When it comes to public health, the devastation of the second wave in April-May 2021 is etched in the memory of Indians. From hospitals sending desperate oxygen SOS messages to overburdened crematoriums working at full capacity, the suffering was well documented. The shortage of medicines like remdesivir and fabiflu precipitated the crisis. A call by Prime Minister Narendra Modi led to unprecedented donations by Indians to the PM CARES fund which was established in March 2020 to boost the health system to combat COVID. The fund had a closing balance of 30.76 billion Indian rupees in FY2020 and 109.9 billion rupees in FY2021 but by March 2021, only 35 percent of the available funds were allocated for COVID-19 relief while 65 percent were lying idle. The WHO has also flagged India for underreported COVID-19 deaths, with estimates around 4 million, in its latest report on excess deaths, thereby raising questions on the surveillance infrastructure of India.

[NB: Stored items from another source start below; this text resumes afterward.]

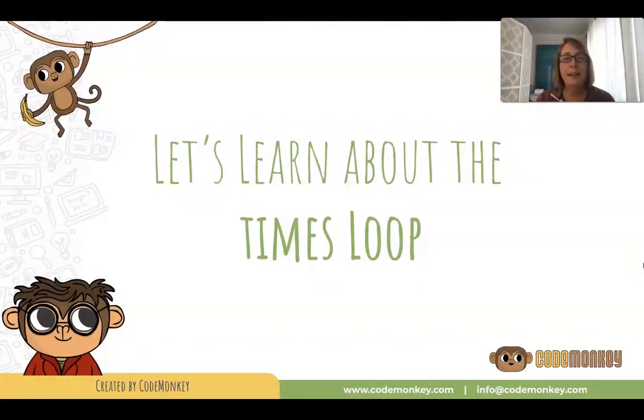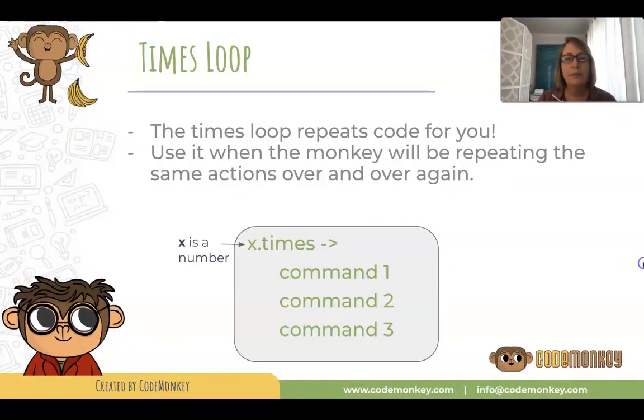Welcome to loop land. Let's learn about the times loop. The times loop repeats code for you. Isn't that cool?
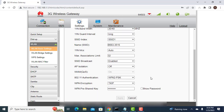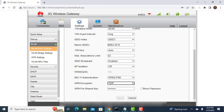Change the authentication method to WPA2 or WPA3 if your router and PC supports it, then change the encryption to AES.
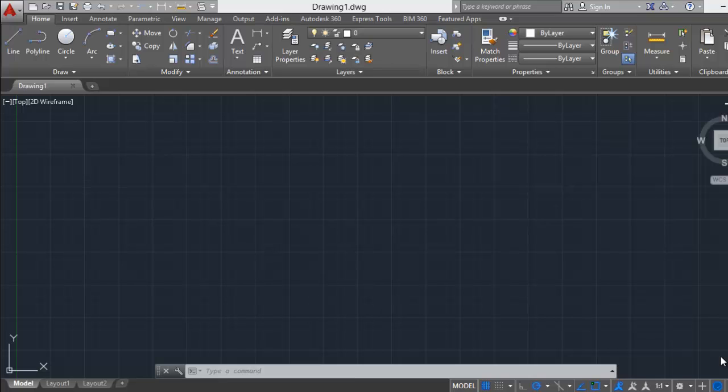Hi, welcome to this new tutorial. I'm going to show you how to restore the classic workspace in AutoCAD 2015.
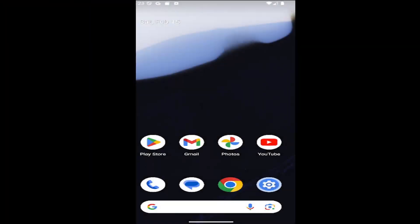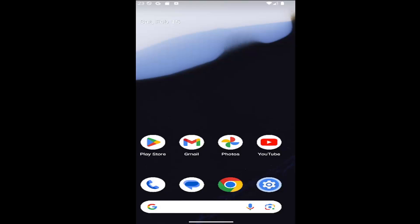Hello everyone, how are you doing? This is MD Tech here for another quick tutorial and today I'm going to show you how to change the account age of your Google account.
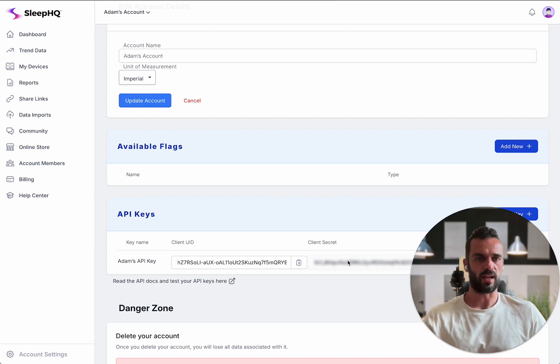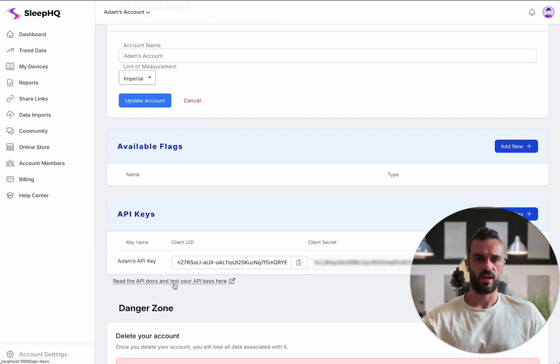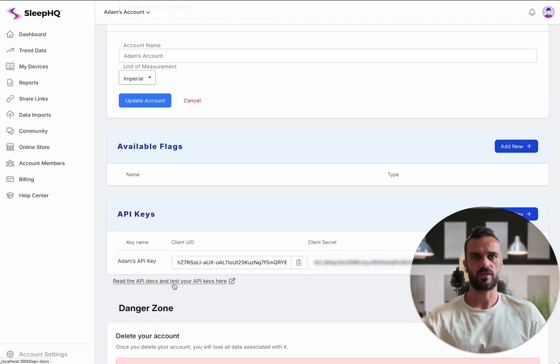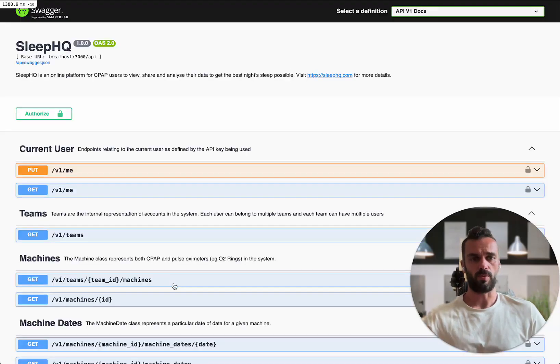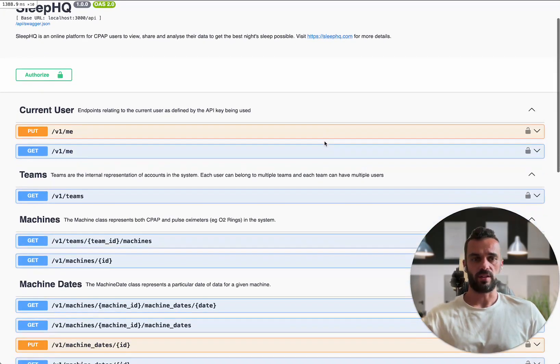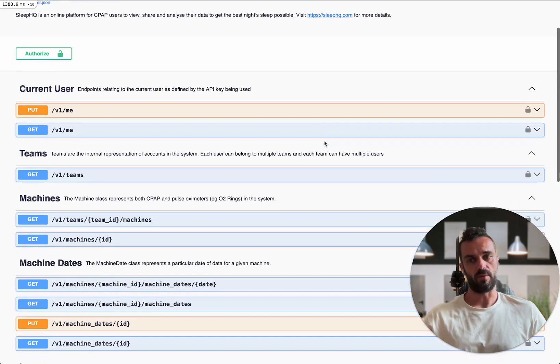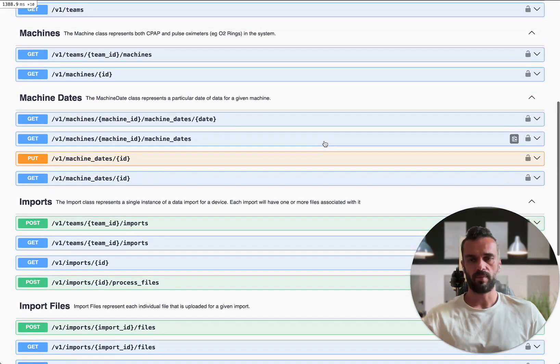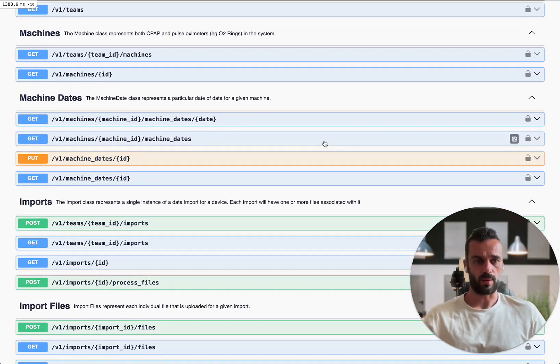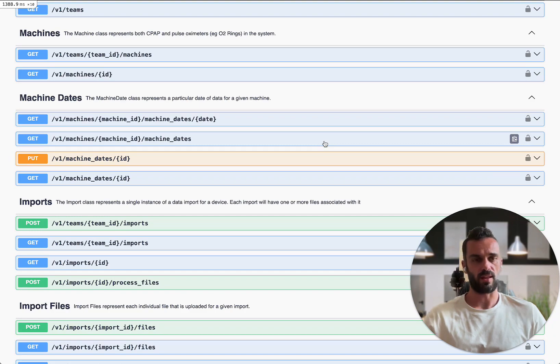It's giving me a client ID and a client secret. We've also got this link here to the docs. When I click that it's going to open up the API documentation. This is basically every endpoint that's available for the API along with the docs on what the parameters are for each of those endpoints and then what the return objects are going to be.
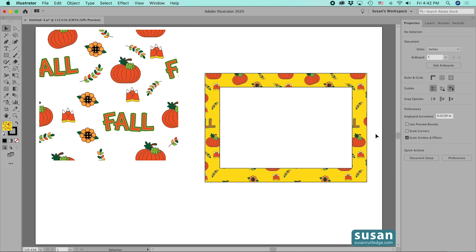You can use this for a border on a fall postcard. I hope you've enjoyed this Fall Design Series and learned some new things about Adobe Illustrator. Be sure to subscribe to my channel so you don't miss a single episode — I'll continue to provide tutorials covering all the different tools in Illustrator. This is amazing software and we've only scratched the surface, so thanks for watching. I look forward to seeing you soon!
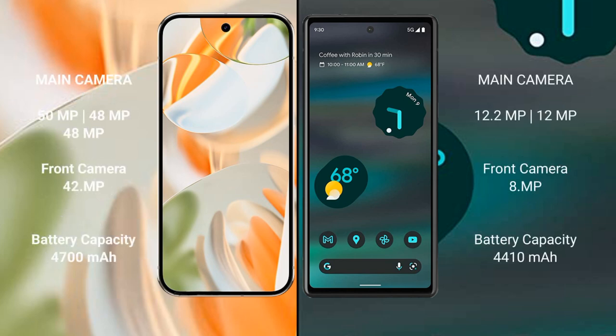The Google Pixel 9 Pro features a triple rear camera setup: 50 megapixel plus 48 megapixel plus 48 megapixel, and a 42 megapixel front camera.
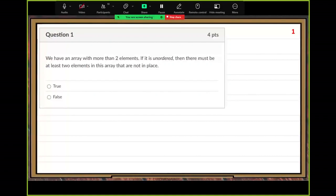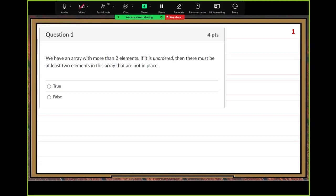Ten questions. The first one, that in-place question. We have an array with more than two elements. If it is unordered, then there must be at least two elements in the array that are not in place. True.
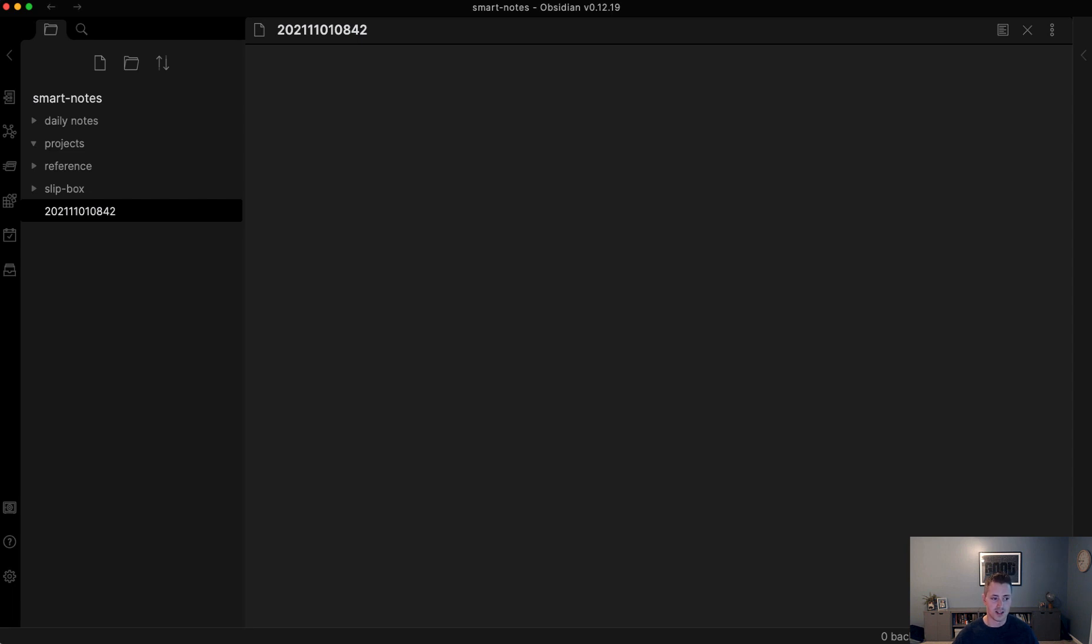That is the final step in configuring your environment. The next thing we'll walk through is actually taking the smart notes and walking through some examples using the book How to Take Smart Notes as a way to populate this entire system.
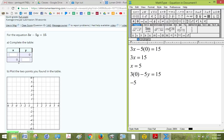So that's negative 5y equals 15. Dividing both sides by negative 5, I get y is negative 3.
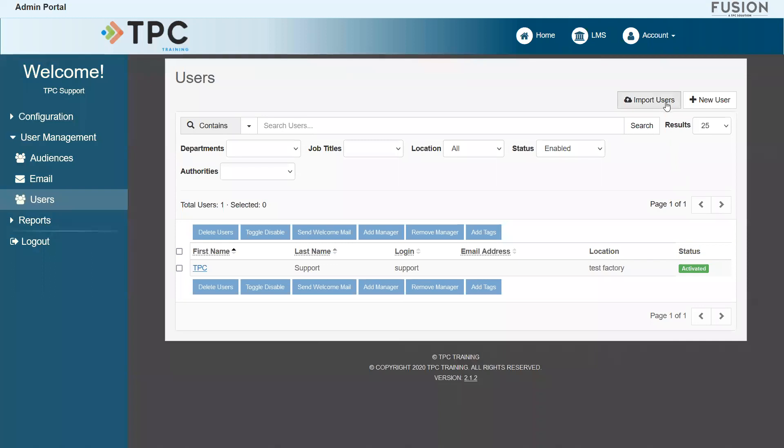At the top right, we have two buttons available to assist with this task. Those buttons are labeled Import Users and New User. Let's review the Import option.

A silver lining during this crisis was the science-based approach in dealing with the public health crisis and a robust vaccination process, which saw Indian vaccination rates rise rapidly.

There is no doubt that the pandemic has negatively impacted the Indian economy across sectors, but leaving the effects unstudied would be a massive mistake by the government. The slogan of turning this crisis into an opportunity will only attain meaning when a detailed study is conducted inquiring into the causes and impact of the sequence of events over the various waves with an emphasis on the shortcomings at central and state levels so that a plan of action can be prepared to make our economy stronger and resilient for future waves and pandemics. The loss of livelihoods and incomes due to lockdowns and the recession require deeper study, and so does the apparent K-shaped recovery trend. The drag of unemployment in specific states needs a remedial course of action, which can happen only after the factors are understood. There is a need for a study on the impact of labor laws’ relaxation by various states and if they were used to exploit employees leading to their burnout.

While the state governments are upbeat over rising enrollment levels in government schools, they need to understand the resulting requirement of teachers to maintain the optimal student-teacher ratio and identify the infrastructural challenges arising out of this influx of students in an already underfunded public education system. The government must expedite the release of the National Achievement Survey 2021 so that the impact of school closure on learning levels can be understood in detail so that adequate remedial measures can be framed by states and schools.

The idle funds in PM CARES should also be a point of concern since the funds were activated for the construction of thousands of PSA oxygen plants only after the second wave surfaced, despite the existing precedents of countries facing oxygen shortage during earlier waves of the pandemic. The shortage of medicines even for curable diseases like black fungus should be examined so that such a situation doesn’t arise in the future.

A high-level independent commission with experts and central and state officials needs to be constituted by the government of India with adequate powers to bring out a comprehensive and transparent report on various facets of COVID-19 handling and its socioeconomic impact. Comprehensive recommendations to the government for course corrections are the need of the hour so that the derailed economy is put back on track for a speedy and inclusive recovery.